Tapping into the eRenovate.com database as a homeowner begins by creating a free account, and submitting anonymous details of your proposed project. Companies respond with an estimate on the job and additional comments delivered to you by email. This message also includes an Amazon-style star rating of the contractor, plus previous customer reviews. Although you won't find any crooks groping for your project here (bad guys never make it to the database in the first place), you can see at a glance just how happy previous clients have been. Homeowners who've used the system say it functions like an information power tool for folks too busy to properly research and screen prospective builders on their own.
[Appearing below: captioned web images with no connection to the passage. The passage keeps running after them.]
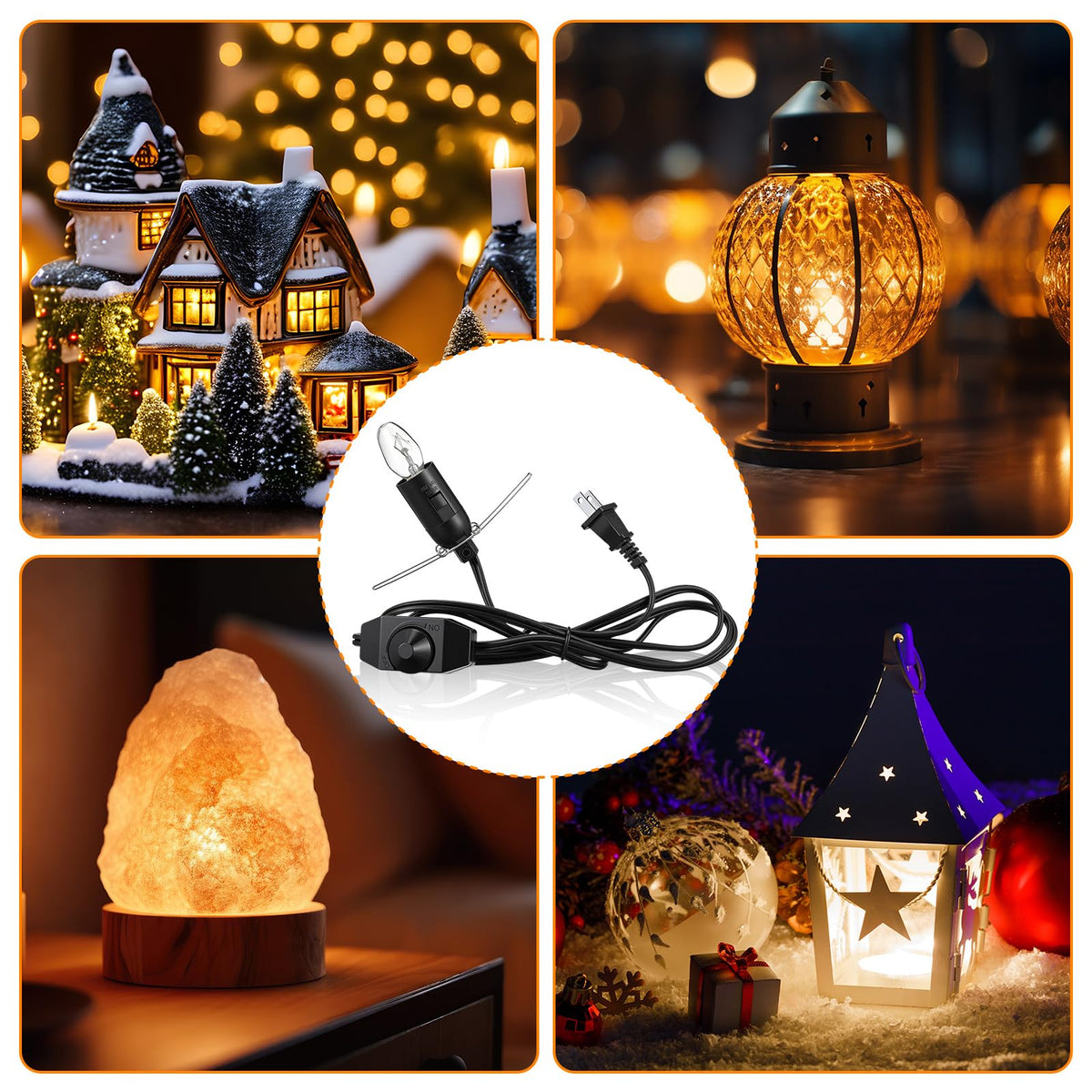 VIHOSE Salt Lamp Cord Replacement Set 4 Pack 5.9FT Power Cord with Dimmer Switch 12 Pcs C7 15w Lights Bulbs for Himalayan Rock Lamps Night Lights Decorative Replacement Accessory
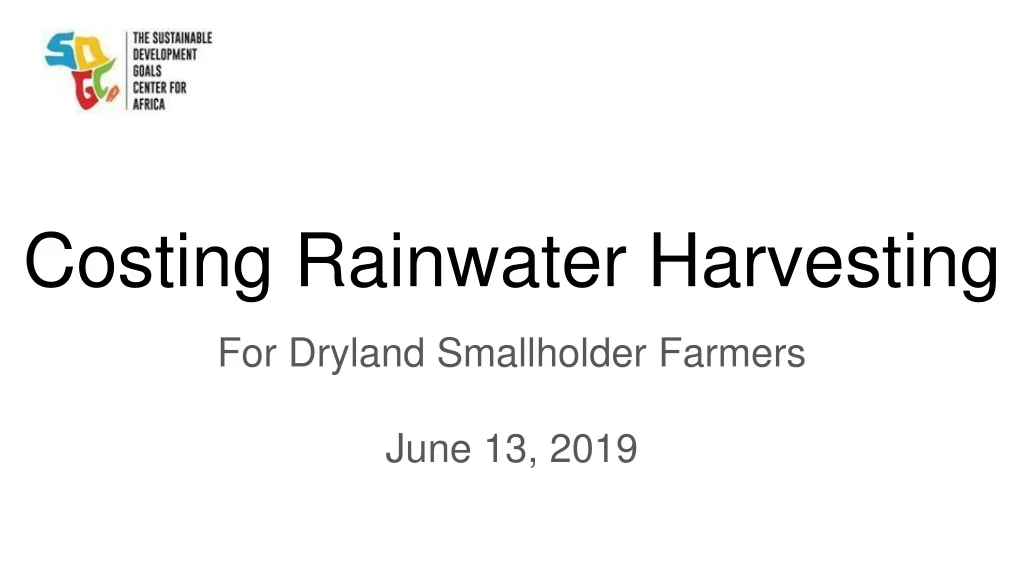 costing rainwater harvesting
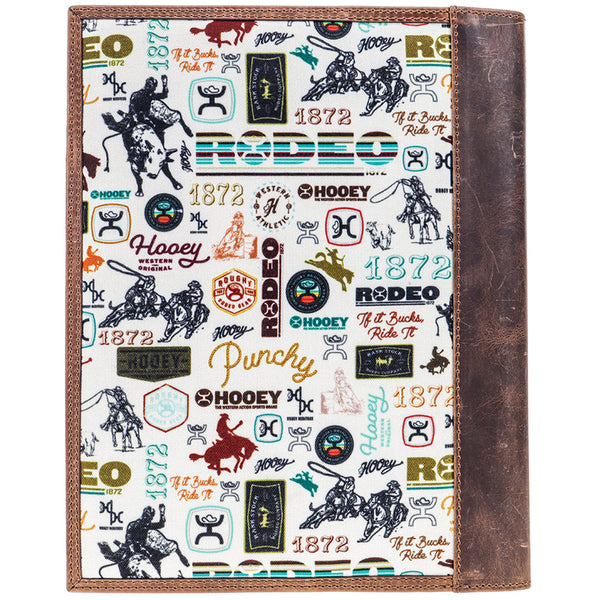 HOOEY "HOOEY RODEO" LEATHER NOTEBOOK COVER CREAM RODEO PATTERN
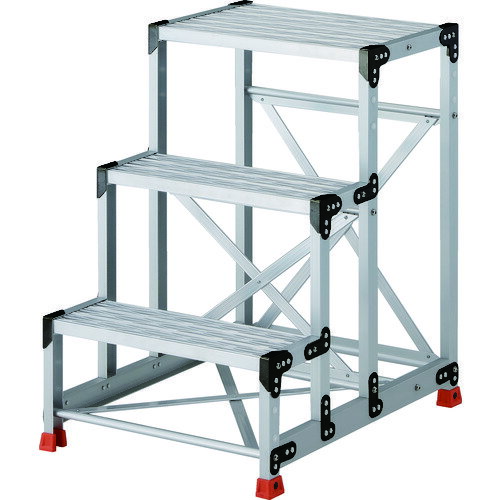 TRUSCO 作業用踏台 アルミ製・グレーチング仕様 SUS金具 3段 高さ0.9m 天板600×400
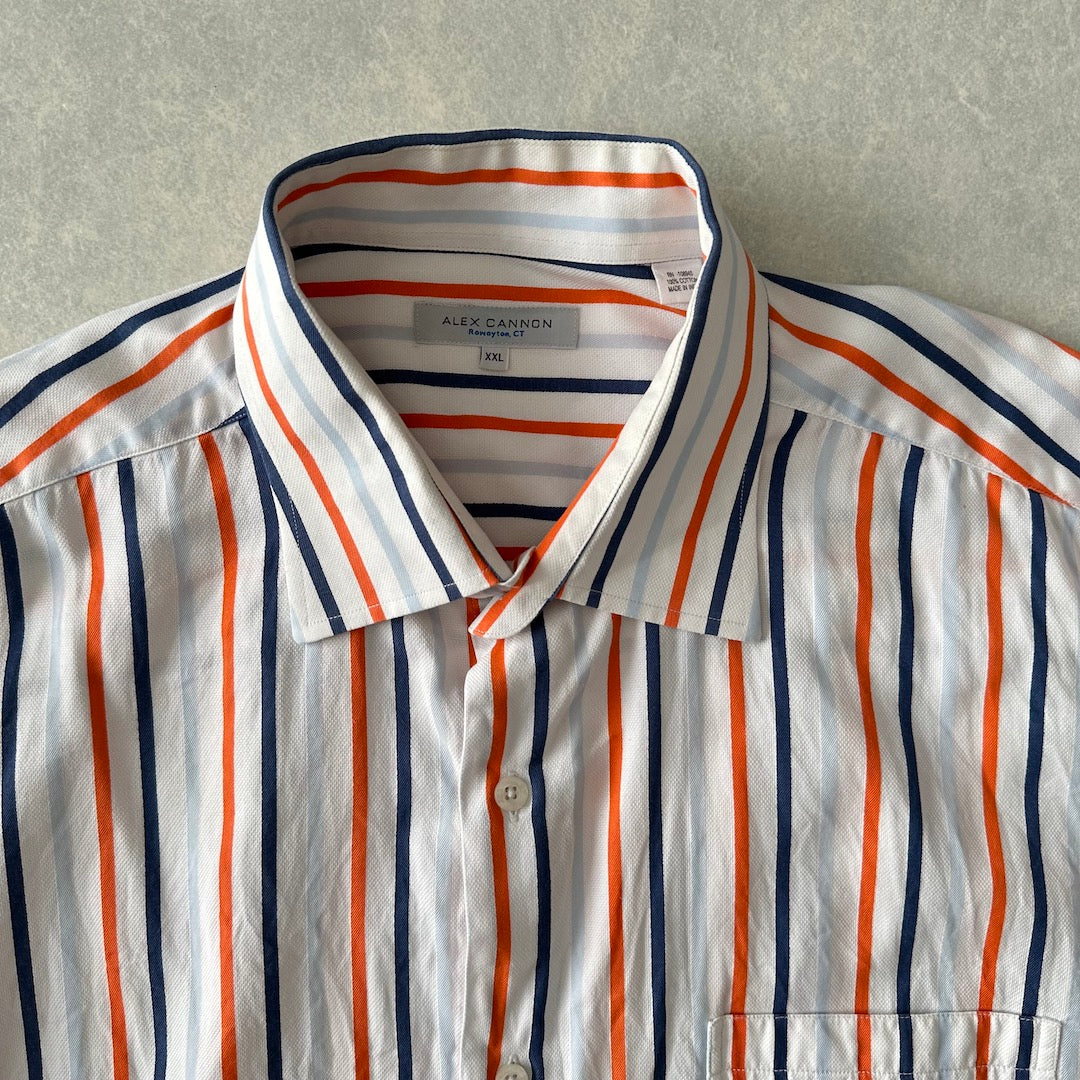 マルチストライプ柄シャツ ストライプ XXL 古着 メンズ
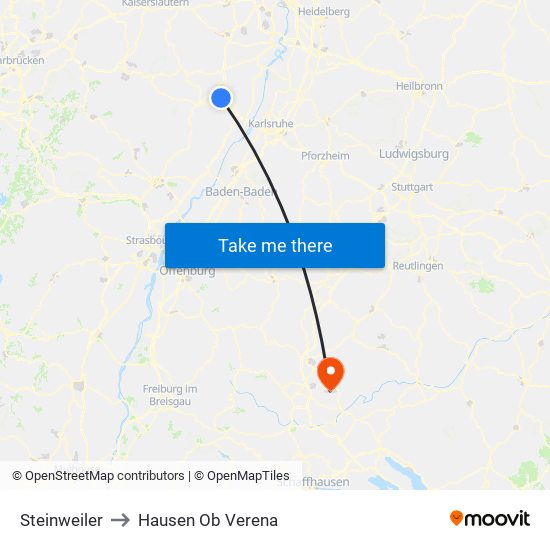 Steinweiler to Hausen Ob Verena map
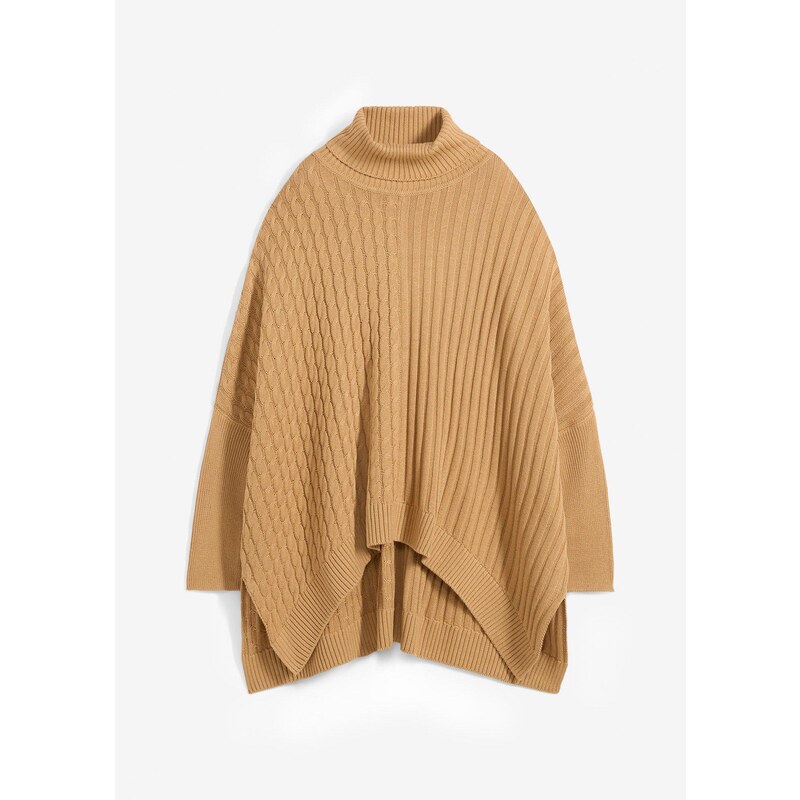 bonprix Oversize-pulóver, pončo, farba béžová 57674513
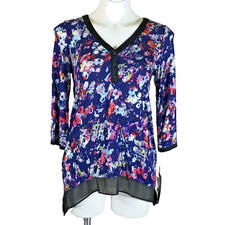 Simply Vera Women's Tunic Top size X-Small blue/navy rayon spandex Floral splash
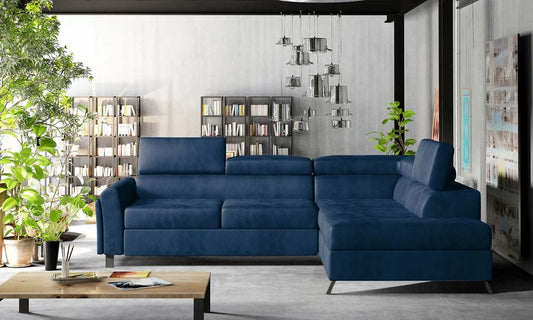 Kairos Ecksofa 265 x 197 cm Blau (Samt)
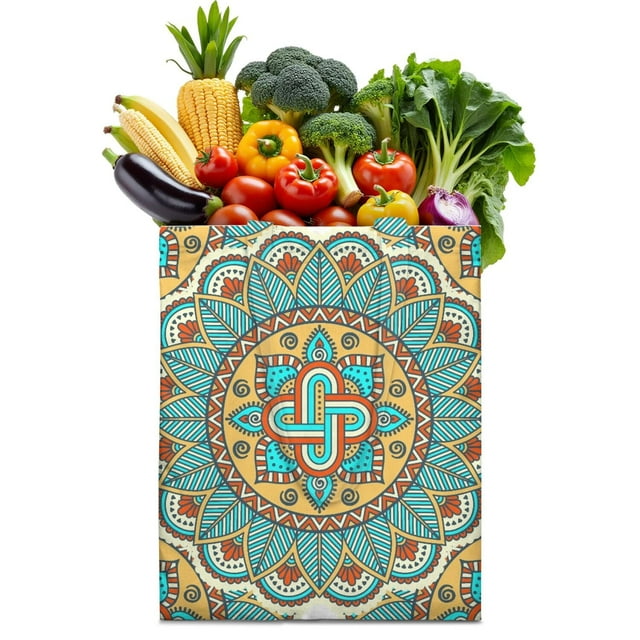 Artistic Spiritual Mandala Reusable Tote Bag - Durable Machine Washable Grocery Bag with Large Capacity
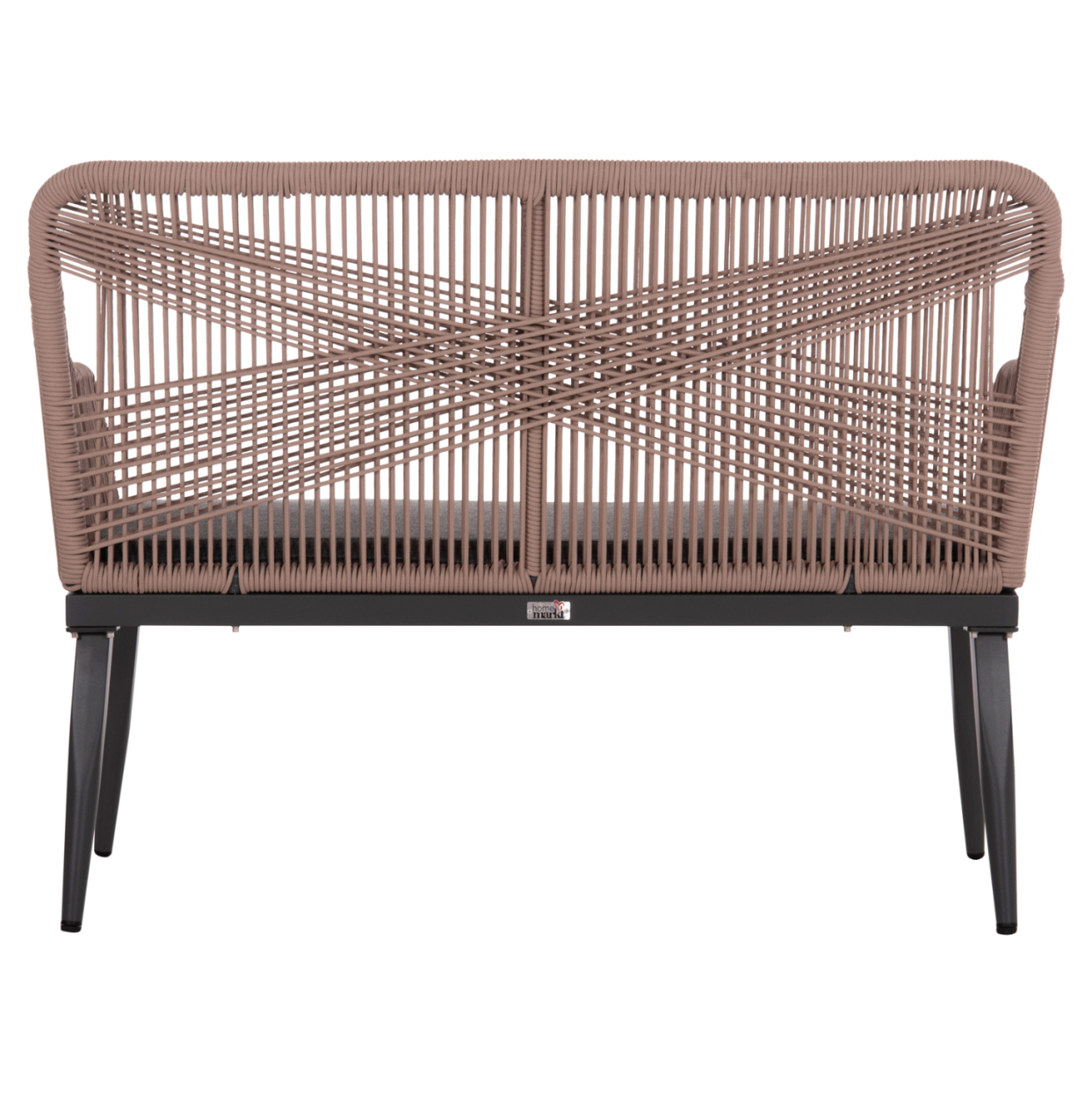 OUTDOOR SOFA 2-SEATER MYRTIA HM5550.12 ALUMINUM IN ANTHRACITE--TESLIN ROPE IN BEIGE 123x61x90Hcm. [5]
One of the weaknesses that many homeowners have to deal with as they plunge into a renovation campaign is a lack of technical knowledge. How can anyone assess the various legitimate design and construction approaches without the right information? As eRenovate.com grows they've committed to building a free online library of technical articles so homeowners can learn what details should go into, say, a good ceramic tile job or a proper basement renovation or a great new hardwood floor. If this addition unfolds as planned, it'll be that much easier to sidestep the fate that befalls many who venture into home renovation projects unprepared.

According to a 2006 survey of homeowner experiences conducted by Opinion Research Corporation, a whopping 40% of homeowners who used a contractor in the past several years report shoddy workmanship as their #1 complaint. And while none of this is surprising, the Internet is one bright spot on the horizon. As the current state of trades training remains inadequate, and social prejudices continue to steer our most promising young people away from the trades, it's good to know that online tools are available to help homeowners separate the good from the bad. It's even better when a homegrown Canadian venture is at the heart of it.